Guere, asesinado por la policía de un tiro en la espalda
“¿Por qué nos hacen esto, porque somos pobres?... ¿Por qué nos matan, porque somos negros?” me pregunta y se pregunta Ana María Bustos, la mamá de Fernando Pellico, asesinado por dos policías en la puerta de la casa de su abuelo la noche del 26 de agosto del año 2015. Cuando lo mataron, Guere, que se pronuncia güere, como le decían sus amigos y familia , tenía 19 años.
Ana me muestra la garita del Guere, que se encuentra en la canchita de fútbol al lado del dispensario del barrio Los Cortaderos, en la periferia de la ciudad de Córdoba.
El barrio le debe su nombre a la ocupación de la mayor parte de los hombres que viven ahí. En la zona se cortan y cocinan ladrillos y Guere cortaba ladrillos desde los catorce años.
Ana cuenta que no viene más que dos o tres veces al año, porque todavía le hace mal, pero qué pasa seguido y a veces levanta la cabeza y mira de reojo y ve que hay alguna vela prendida o alguien rezando. - “Una vez había un señor grande, que es vecino, y le pregunté por qué le rezaba a mi hijo: me dijo que le habían hecho falta medicamentos, que le pidió al Guere, y el se los consiguió”.
¿Por qué nos hacen esto, porque somos pobres?... ¿Por qué nos matan, porque somos negros?
Ana dice que cuando Guere arrancó a trabajar, la familia le hizo un cuarto en el fondo y ella le regaló la cama. Con ahorros su hijo se compró la tele y después le avisó a su mamá que ahora que tenía cama y tele iba a ir por la moto. Una Tornado. Fue el primero de su grupo de amigos en tener una moto de esa calidad, para la cual había juntado casi cinco mil pesos (unos mil dólares en su momento) que guardaba escondidos en el caño de la cama y alcanzaban para el depósito inicial y pagar el resto en cuotas.
Una anécdota que lo pinta de cuerpo entero fue cuando, una noche, unos veinte chicos del barrio estaban regresando del baile caminando; Guere, quien estaba con su moto, cargó a dos y se fue. Maximiliano Peralta, su primo, amigo íntimo, compañero de trabajo y único testigo de su asesinato, estaba entre los que siguieron caminando. Maxi cuenta que al rato lo vieron llegar de nuevo solo. Había regresado para cargar dos más.
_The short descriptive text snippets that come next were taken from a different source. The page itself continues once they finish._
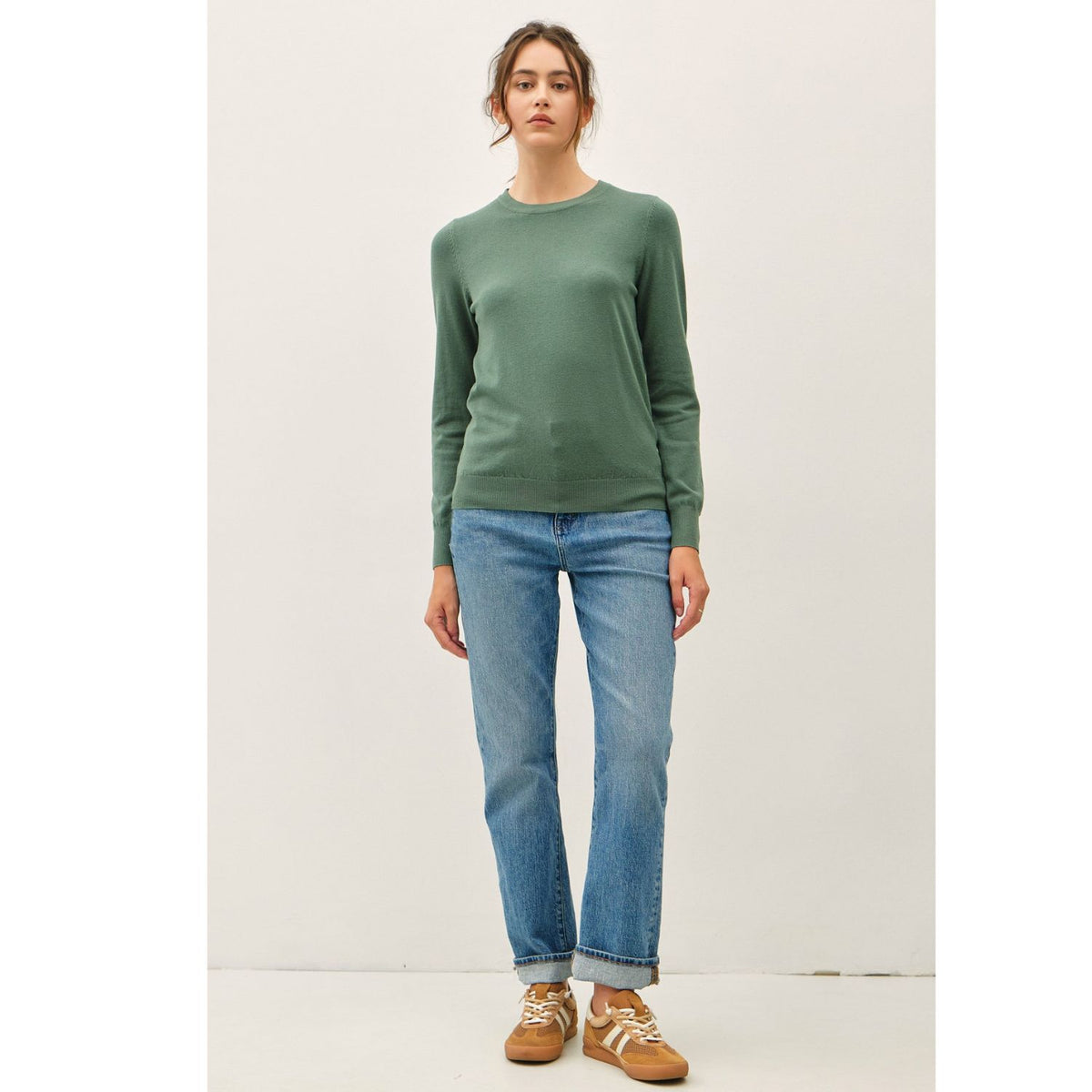 Women's sage crew neck knit sweater with long sleeves, ribbed hem and cuffs, and a relaxed fit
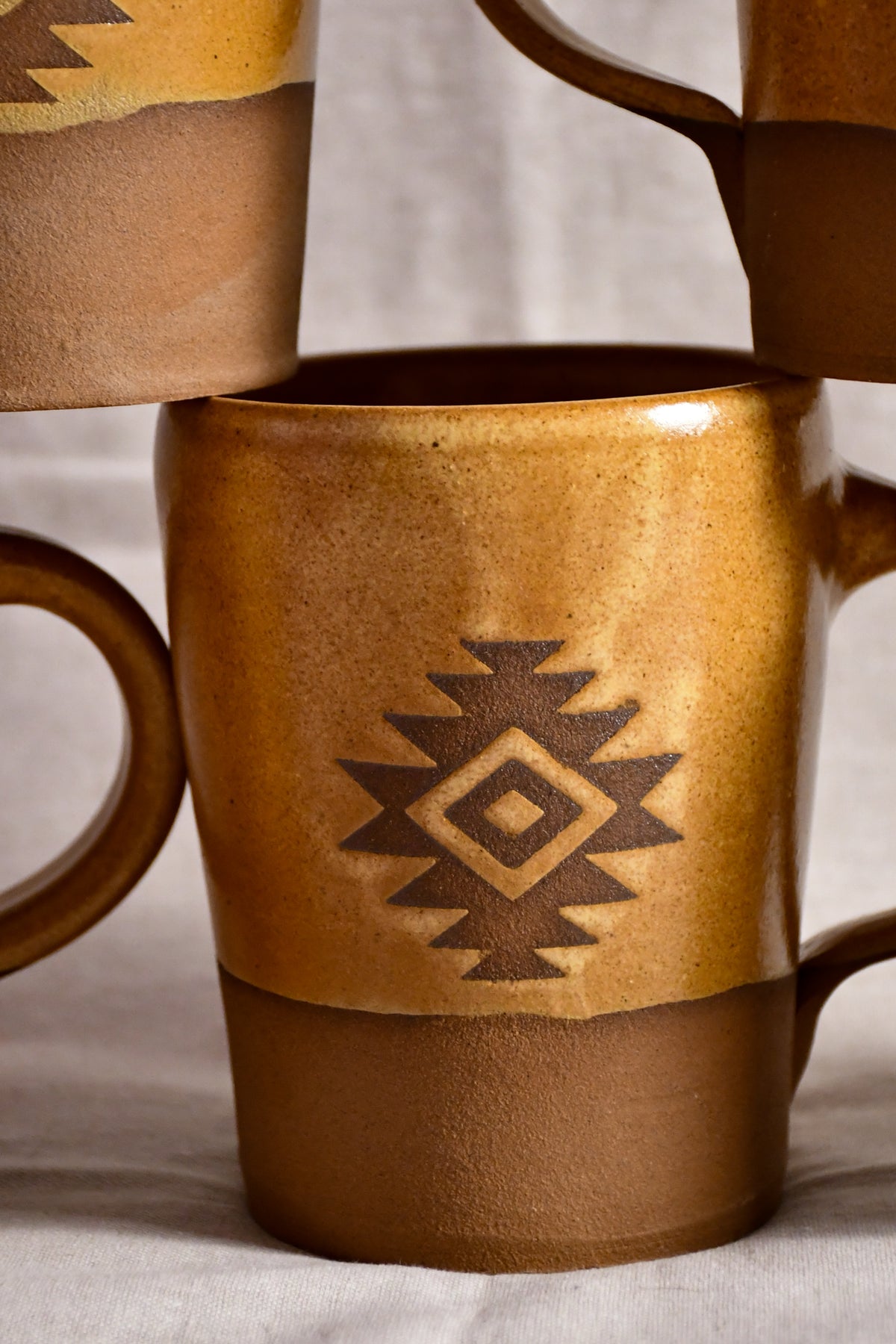 A close-up of a ceramic mug with a Southwestern geometric pattern, featuring a textured metallic gold upper section and a matte brown lower section.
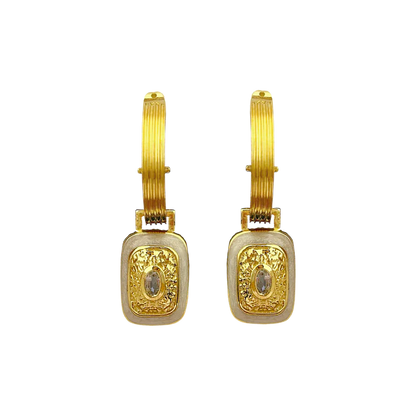 The&nbsp;Mara's are the epitome of classic style with a fabulous yet playful twist.&nbsp;They're beautiful, chic, and oh-so sassy… Crafted on a chunky fluted hoop, they feature a unique rectangle motif drop, combine with hammered gold texture,&nbsp;pearlescent enamel&nbsp;and eye-catching&nbsp;faceted Crystal Quartz&nbsp;gemstones. The Mara Earrings&nbsp;can be worn from day to night, with dazzling yet sophisticated flair that’s sure to turn heads. Enjoy the perfect balance of classic yet flirty with these 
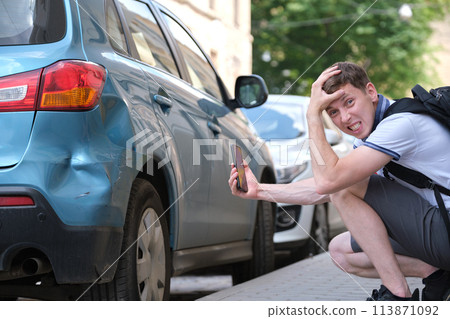 Sad male driver photographing on sellphone camera dented vehicle on street side for insurance service after car accident. Road safety concept Sad male driver photographing on sellphone camera dented vehicle on street side for insurance service after car accident. Road safety concept 113871092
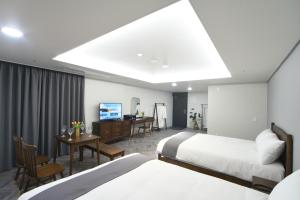 ein Hotelzimmer mit 2 Betten und einem Schreibtisch in der Unterkunft Haeundae Central Hotel in Busan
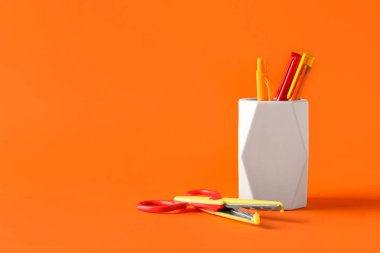 Renk arkaplanında kalem ve makas tutan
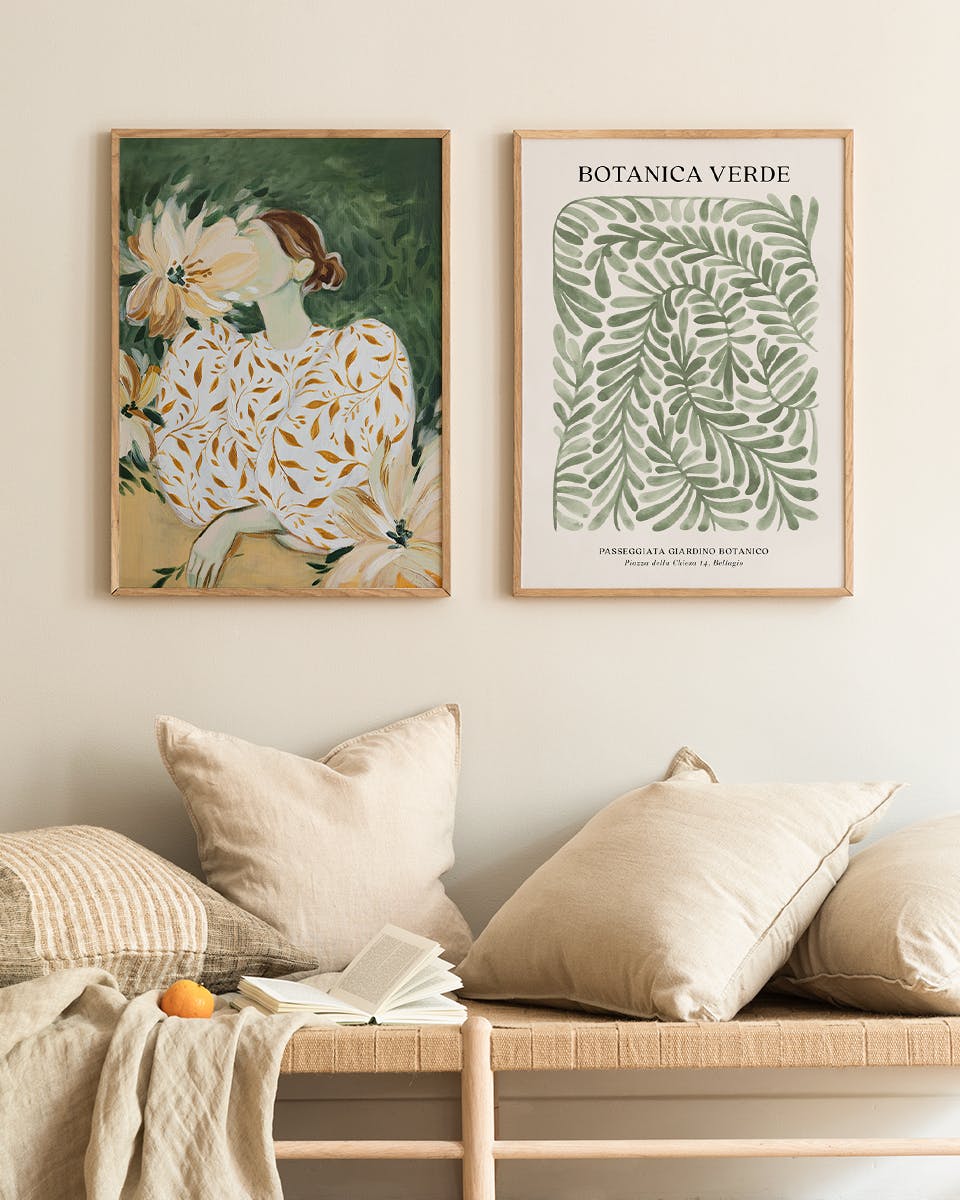 Two botanical art prints hanging above a light wood bench with neutral pillows and an open book.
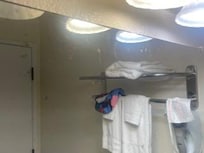 Hard to see, but the mirror has patchy dark spots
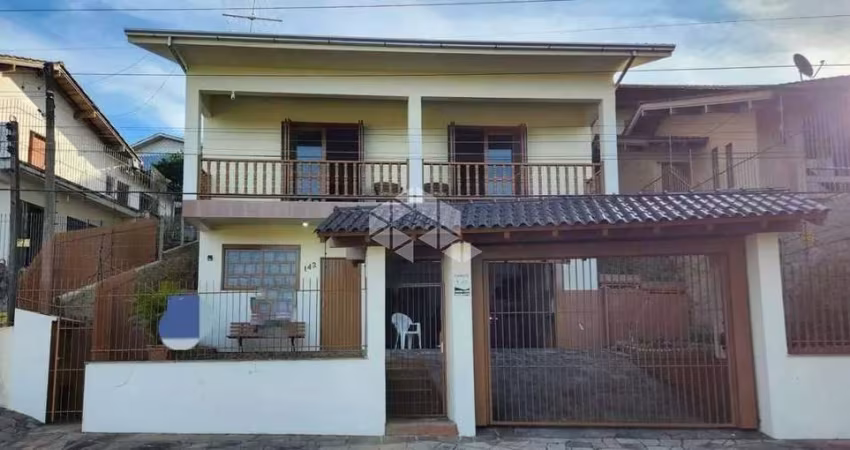 Casa a venda no bairro Primavera em Novo Hamburgo/RS, 3 dormitórios sendo 1 suíte, Aceita financiamento bancário.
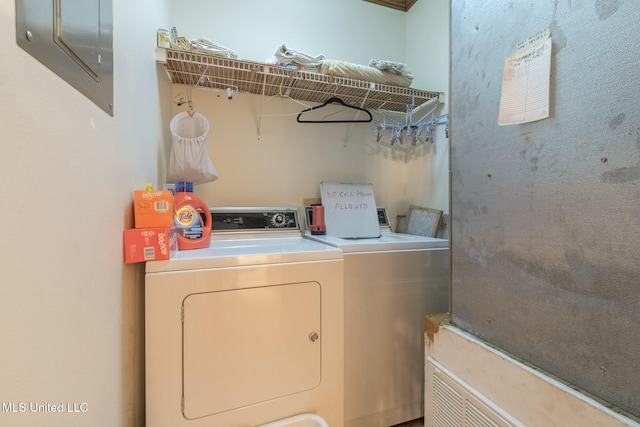 clothes washing area with independent washer and dryer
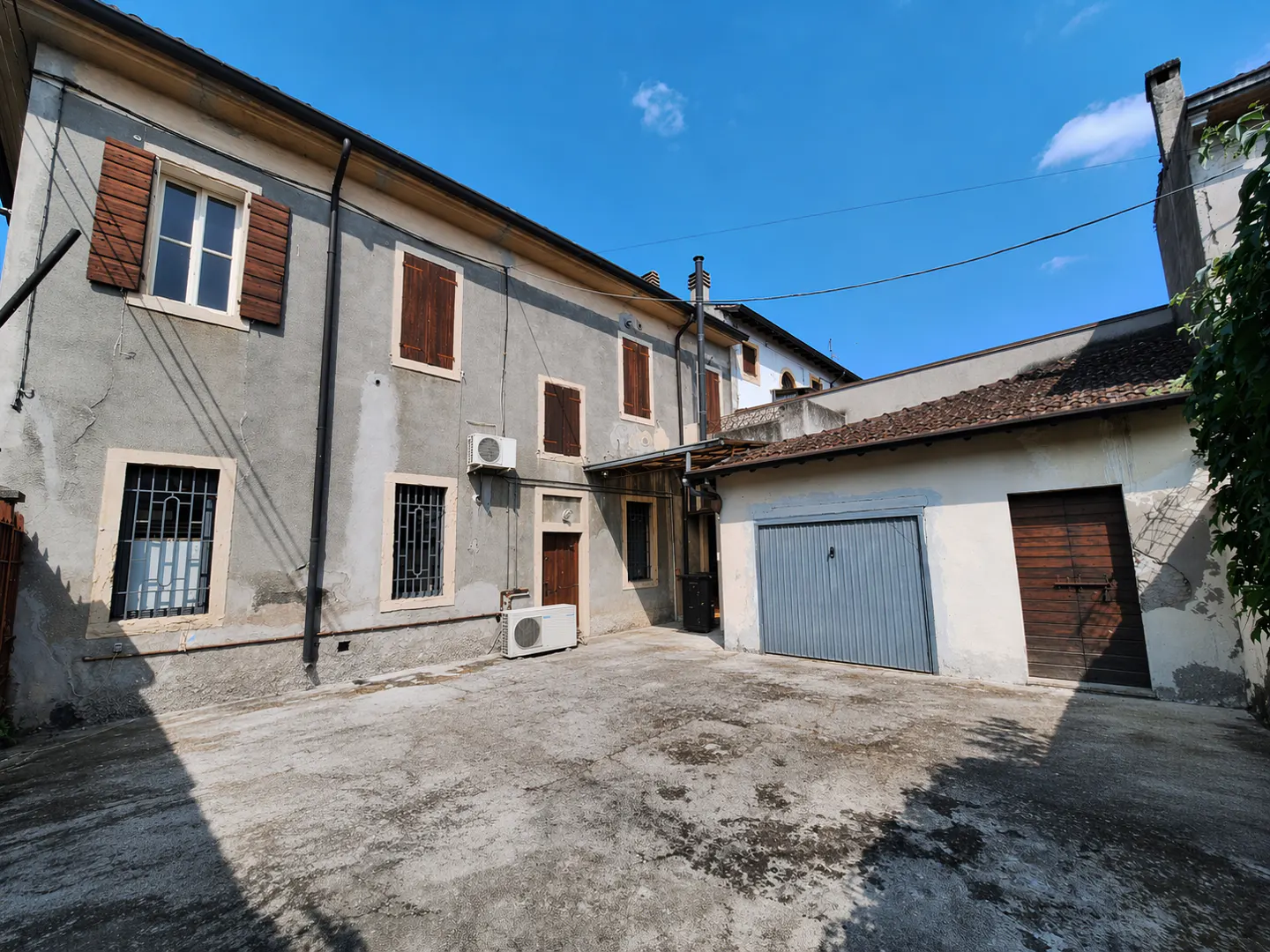 Exterior view of a two-story gray building with brown shutters and a blue garage door under a clear blue sky.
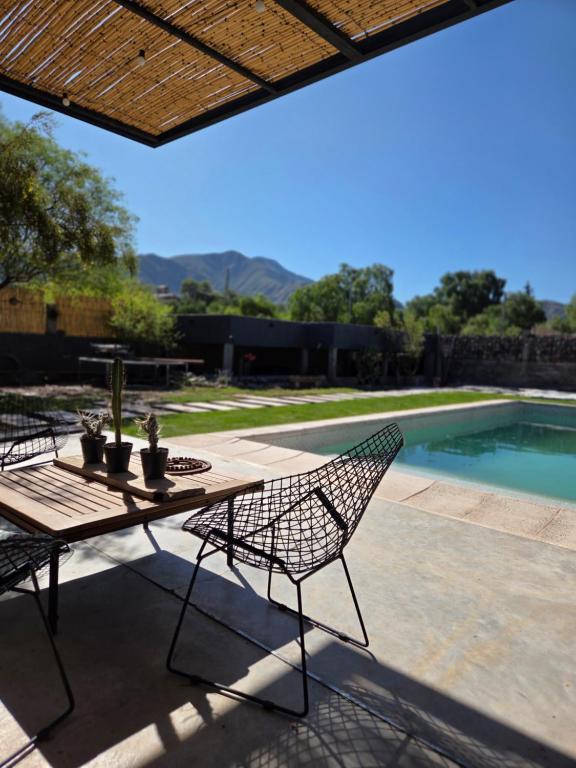 einen Tisch und Stühle auf einer Terrasse neben einem Pool in der Unterkunft Patio Jarilla in El Challao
Así fue y volvió diez veces hasta que todos regresaron al barrio.
La semana antes de ser asesinado Guere había mandado a imprimir unos currículums para poder dejar los ladrillos y si tenía suerte conseguir un trabajo de panadero. También le había pedido a su mamá que lo acompañara a inscribirse en la escuela nocturna. Quería aprender a leer bien y estaba entusiasmado porque en el colectivo donde militaba, iban a arrancar una radio abierta y él iba a debutar como locutor.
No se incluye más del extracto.